As "maintenance" is not defined in the statute, we have applied the general accepted plain meaning of the word. Relying on the dictionary definition, we have noted that "maintain" is "to keep in an existing state (as of repair, efficiency, or validity): preserve from failure or decline." Moore v. Billerica, 83 Mass.App.Ct. 729, 733 (2013), quoting Merriam Webster's Collegiate Dictionary 749 (11th ed. 2005). See Gill v. Armstrong, 102 Mass.App.Ct. 733, 736-737 (2023).
The Sternbergs have not alleged that there was a defect in the sewer line or its operation. In fact, there is no evidence in the summary judgment record that the sewer line needed repair, was in decline, or was defective. Contrast Nemet v. Boston Water & Sewer Comm'n, 56 Mass.App.Ct. 104, 108-109 (2002) (failure to repair damaged water main pipe resulting in flooding of property). Rather, the original cause of the harm to the Sternbergs was the sewer line being clogged with rags and debris, a circumstance of which the city was not aware. Maintenance of a sewer system involves keeping in good repair the lines, or making actual repairs to known damaged areas of the lines, of the system itself. It does not require preventing someone from unlawfully damaging the system. The Sternbergs' claims do not fall within the § 10 (j) (3) exception. See Moore, 83 Mass.App.Ct. at 733 (rejecting plaintiff's claim that § 10 [j] [3] precluded application of immunity because "maintenance of a playground envisions the general upkeep of the playground's equipment and grounds, not preventing all risks of danger to its visitors").
Rather, the engineering company hired by the Sternberg's insurance company determined that the sole cause of the damage was a blockage in the city's sewer system, and not due to a defect in the property's sewage line.
Any reliance the Sternbergs or the motion judge put on Lobster Pot of Lowell, Inc. v. Lowell, 333 Mass. 31 (1955), is misplaced for two reasons. First, the case predates the Legislature's 1994 amendment of our Tort Claims Act, which retained the common-law notion of a public employer's immunity from suit in a limited number of exceptions, including that found in § 10 (j). See St.1993, c. 495, § 57. Second, in Lobster Pot of Lowell, Inc., the Supreme Judicial Court noted that a municipality "is responsible for damages which accrue to individuals through negligence in the construction, maintenance or operation of its system of sewers." Id. at 33, quoting Pevear v.

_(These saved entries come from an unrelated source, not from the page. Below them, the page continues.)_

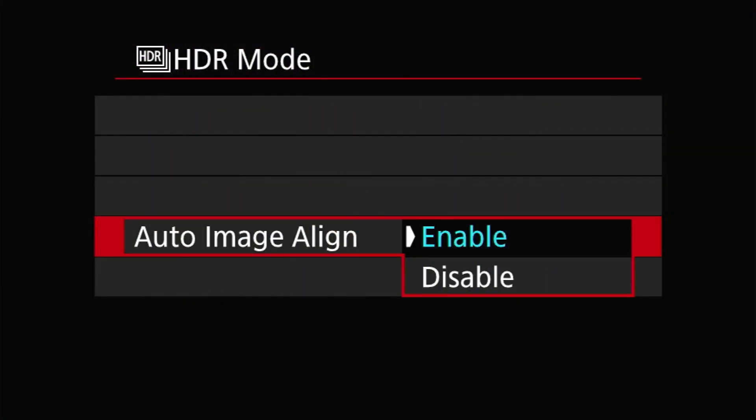Next up is Auto Image Align, which can either be set to Enable or Disable. This controls whether the camera attempts to align the three source images before blending them. Canon's recommendation is to enable this when shooting handheld and to disable it when shooting from a tripod — though you may also want to consider enabling it if you're shooting with image stabilization on from a tripod. There are a number of caveats that may cause the feature to fail, including overly bright or dark frames, repeating patterns, and too much misalignment. Always verify results in the field before moving on to your next shot.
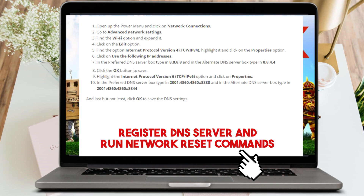In the Preferred DNS server box, type 8.8.8.8. For the Alternate DNS, type 8.8.4.4. Then click OK to save the DNS settings. Hopefully this will fix the error on your Roblox.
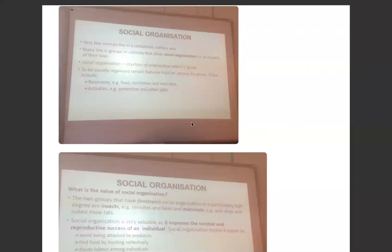This video is the third video in the section of population studies and it talks about social organization. We're especially going to look at the importance of herds, of packs, and the term eusocial and how that would relate to termites specifically.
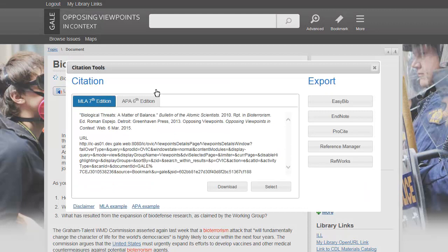Click the Citation Tools icon to generate a citation in MLA or APA formats, or to export the citation for use in a third-party citation tool.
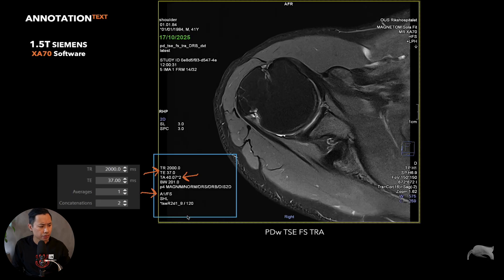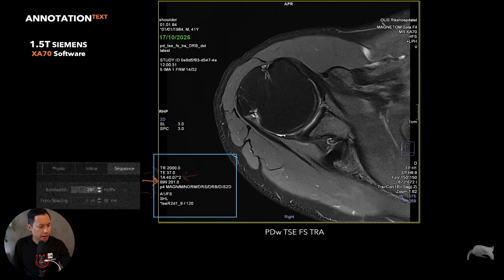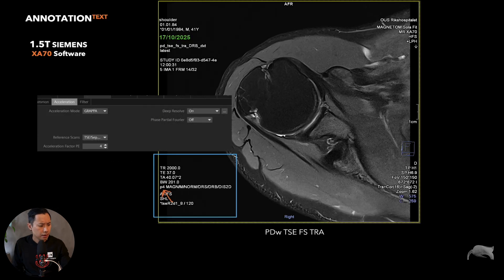That tells you right away that the sequence was optimized with concatenations. The next parameter is the bandwidth - here it's 2.201, and this is where you control the bandwidth in the sequence card. The next information is P4 - that's an acceleration factor of 4. It doesn't say whether you're using CAIPIRINHA or GRAPPA, it just says the acceleration factor used was 4.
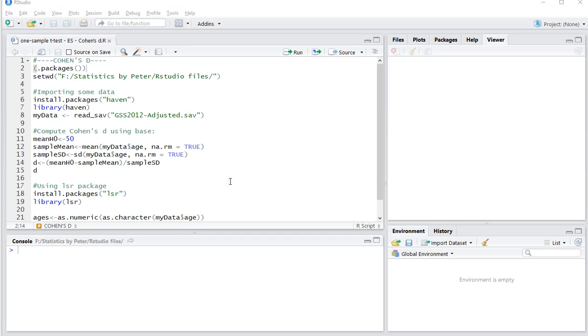Welcome! In this video I'm going to show you how you can determine Cohen's D using R, specifically RStudio, as an effect size measure for a one-sample t-test.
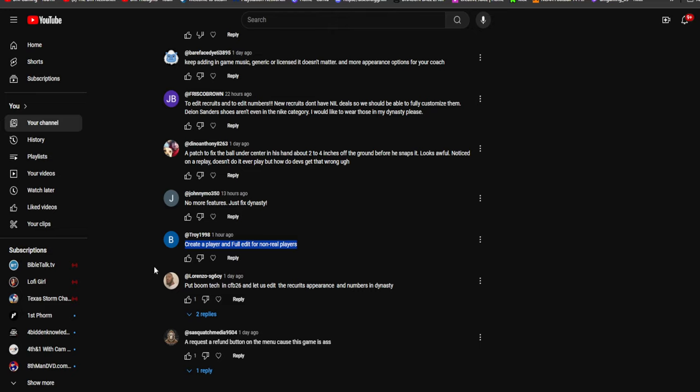Put boom tech in College Football 26 and let us edit the recruits' appearance and numbers in dynasty mode. I don't know why you would edit appearance. To me this is dumb. Who cares what they look like? If you don't want a white cornerback, don't recruit one. You can see his face before you recruit. Maybe their clothing and stuff, I get that, that's cool. Me personally, I take a realistic approach to it. I don't care what number they wear, I don't care how they're dressed or what they look like or even what their name is. I care if they produce on the field.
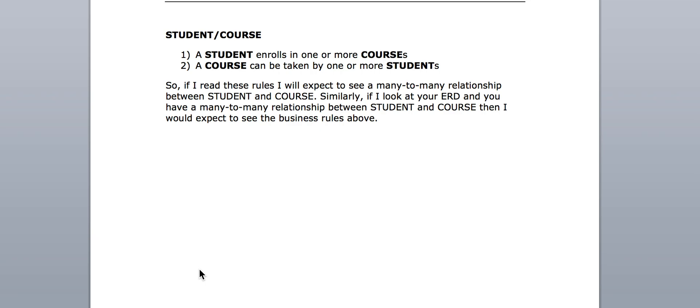Once we've identified a many-to-many relationship, we see how our ERD relates to our business rules — they should always correlate. Looking at your ERD, I should see two entities — student and course — with a relationship between them showing a many side on the course side and a many crow's foot notation on the student side, because that's what your business rules tell me. These two things have to go together.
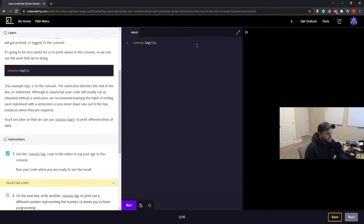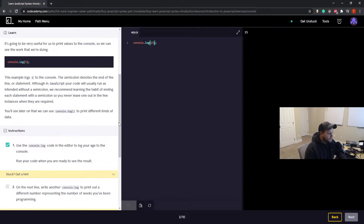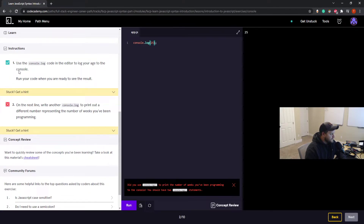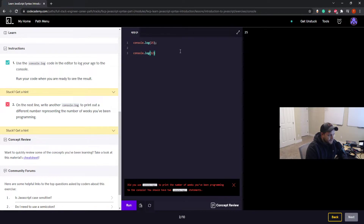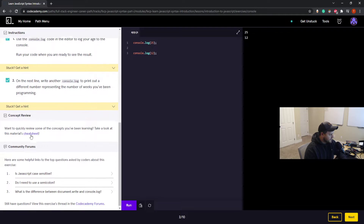I'll change it to 25 and hit run — it prints 25. The next task says on the next line write another console.log to print a different number representing the number of weeks you've been programming. I'd say about 12 — that's about three months. It's really been on and off over a few years on personal time. We'll put 12 in, run it, and we got everything right — on to the next one.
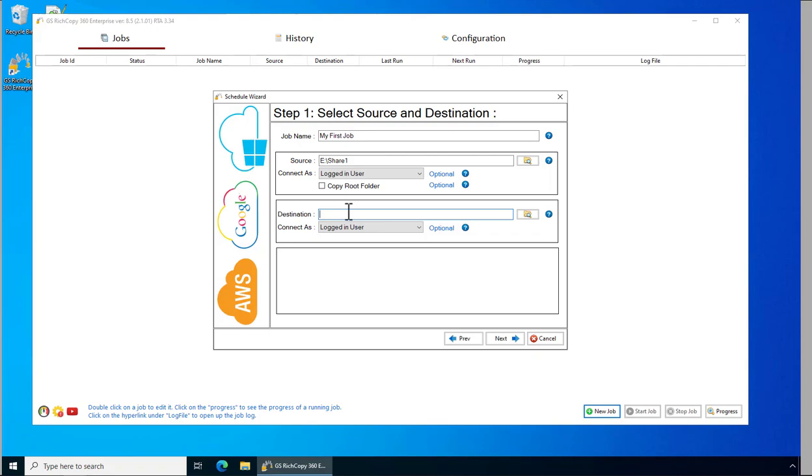Then you select where you would like your destination to be. We'll go ahead and type it in. Share 2. Click Next.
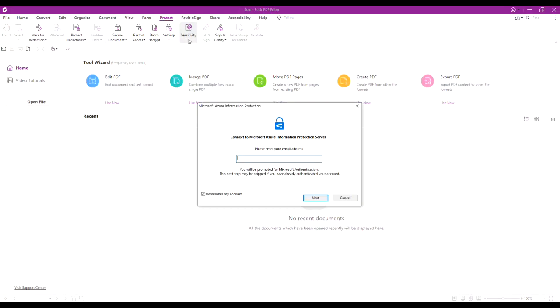Go to the Protect tab, click Sensitivity, and enter your Microsoft account information to log in.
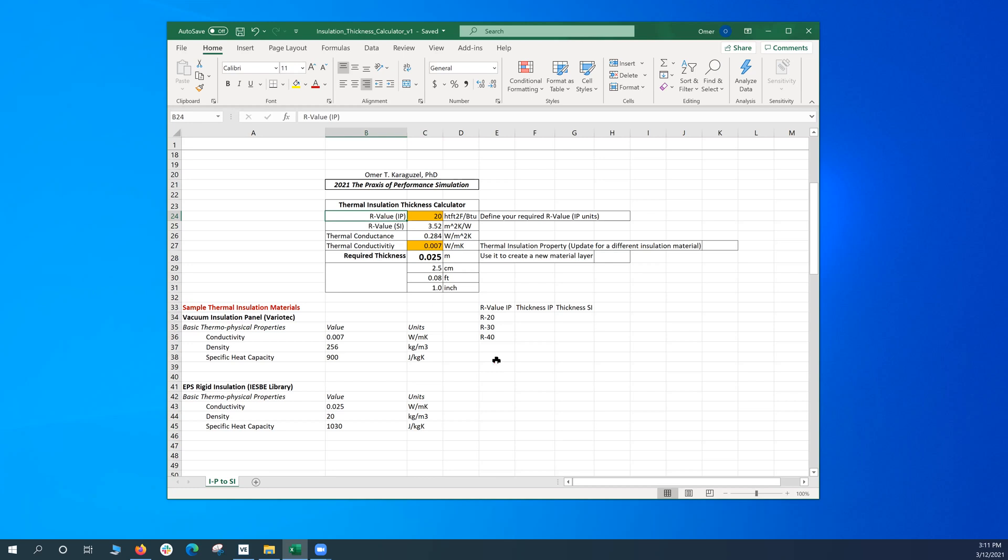Most of the time during design we talk about different R-value targets like R20, R30, R40 for the wall or the roof insulation.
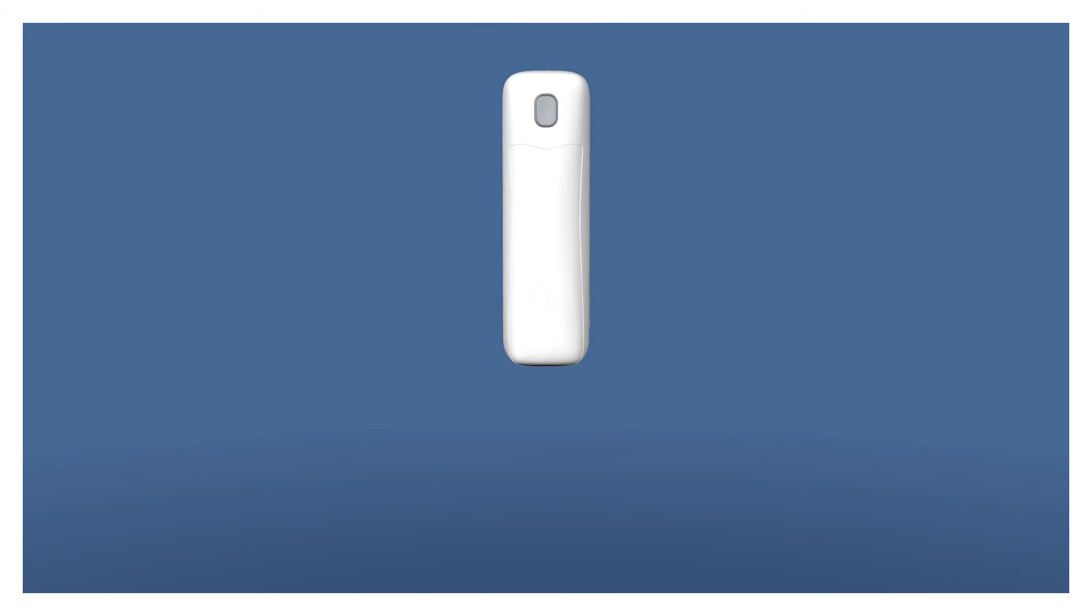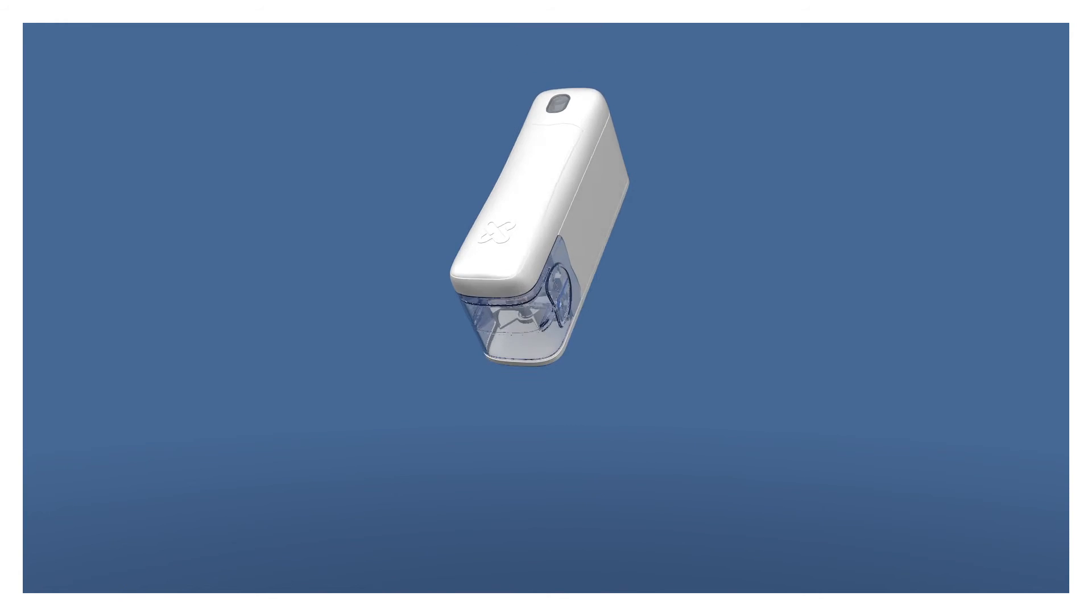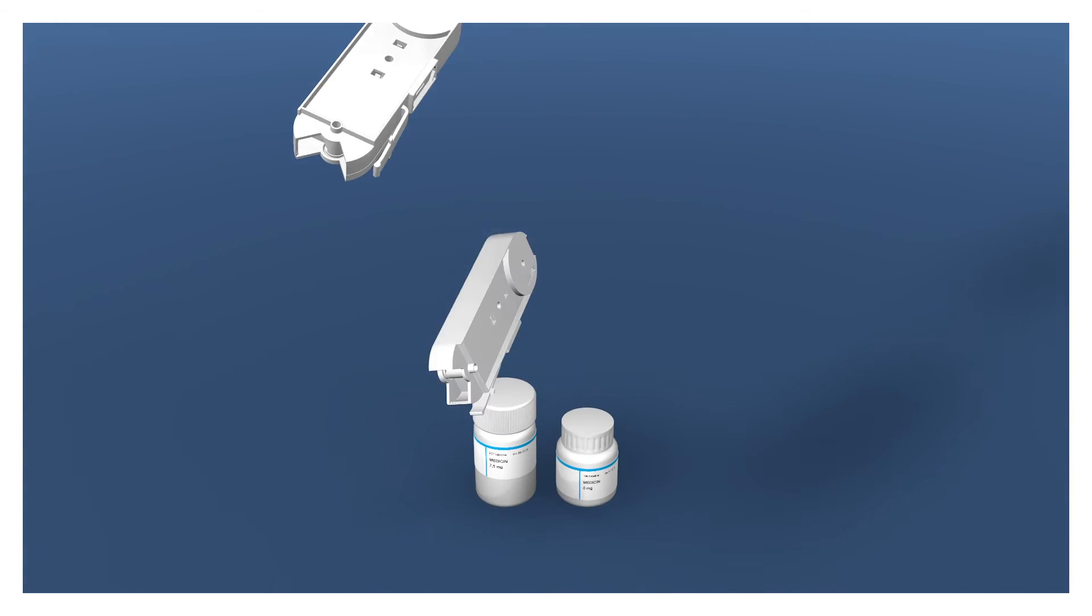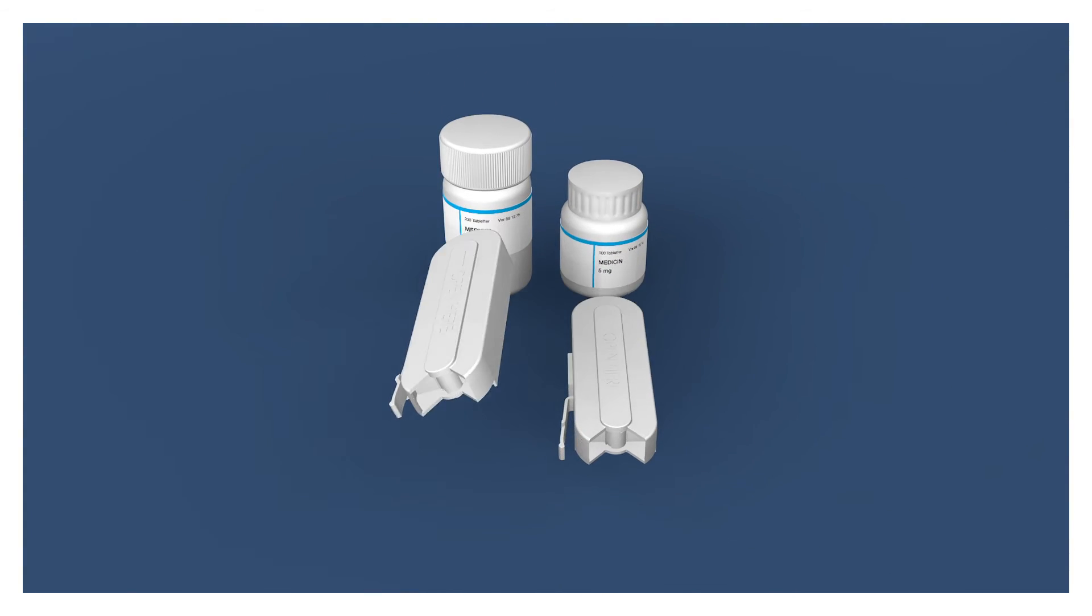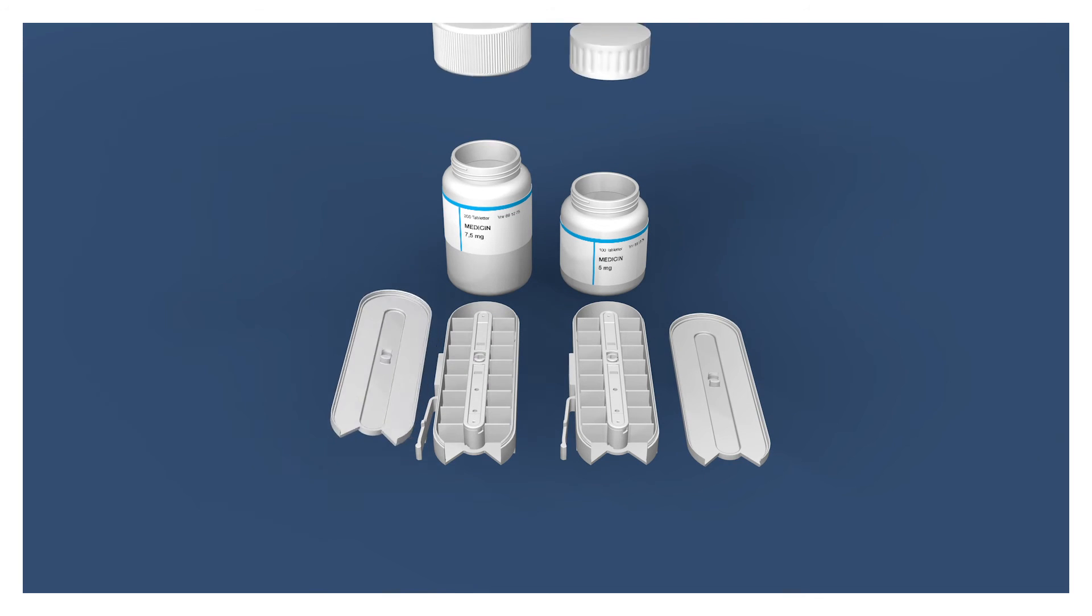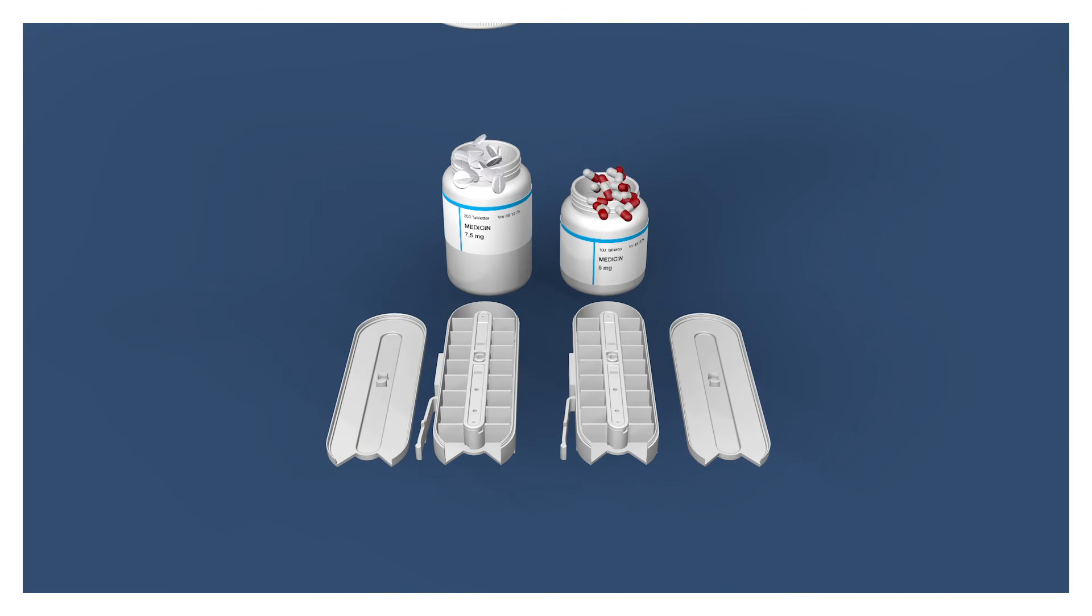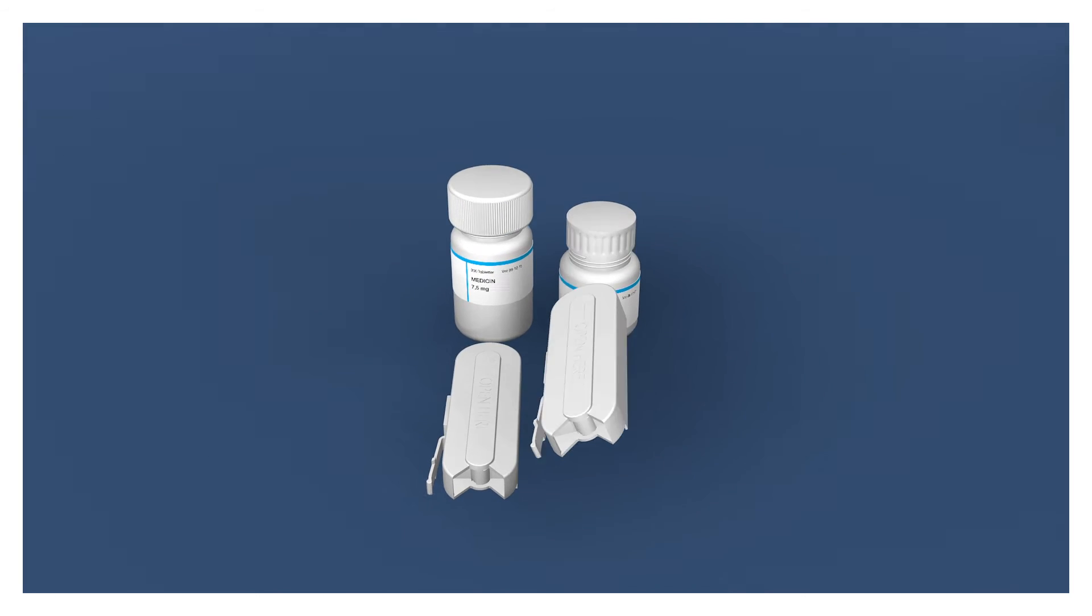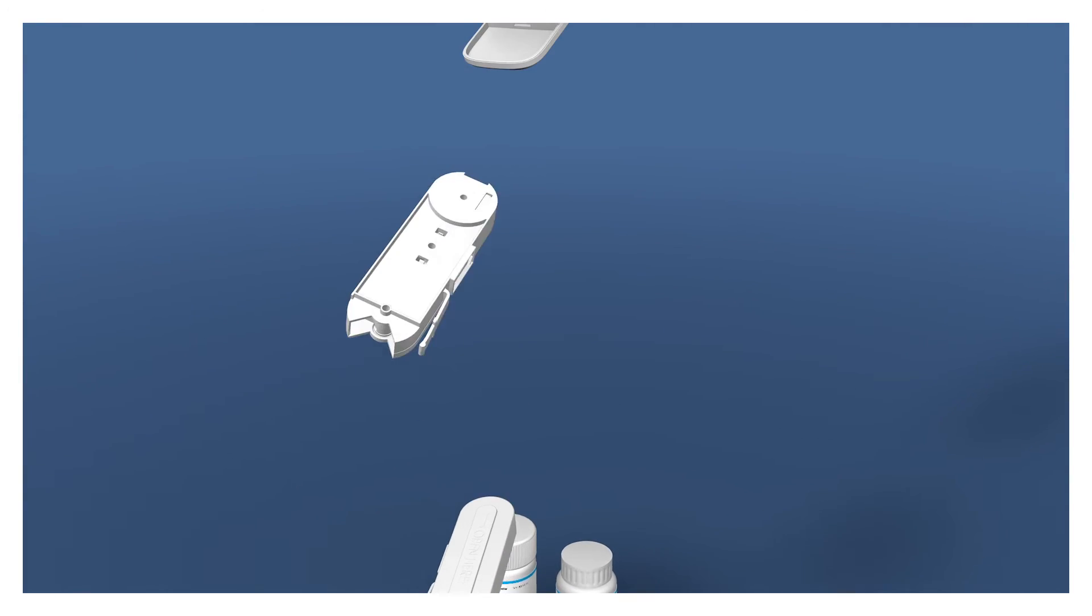In Medimi, all pills are separated until the time of taking the medicine, which makes filling easier and minimizes the risk of interaction between different substances.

Lynn, 249 Mass. 486, 488 (1924). However, that duty did not aid the claim that the city permitted the sewer to become "clogged up." The court affirmed the directed verdict for the city because whether the clogged sewer line "was something which should have been anticipated or which periodic inspection would have disclosed is left to conjecture." Lobster Pot of Lowell, Inc., supra. That same conjecture is the basis of the Sternberg's claim.
In any event, because we have determined that the city is immune from suit pursuant to § 10 (b), any exception to immunity based on the public duty rule pursuant to § 10 (j) is therefore inapplicable in this case. See Fortenbacher, 72 Mass.App.Ct. at 90.
The order denying the city's motion for summary judgment is reversed, and the matter is remanded for the entry of summary judgment in favor of the city.
So ordered.
The panelists are listed in order of seniority.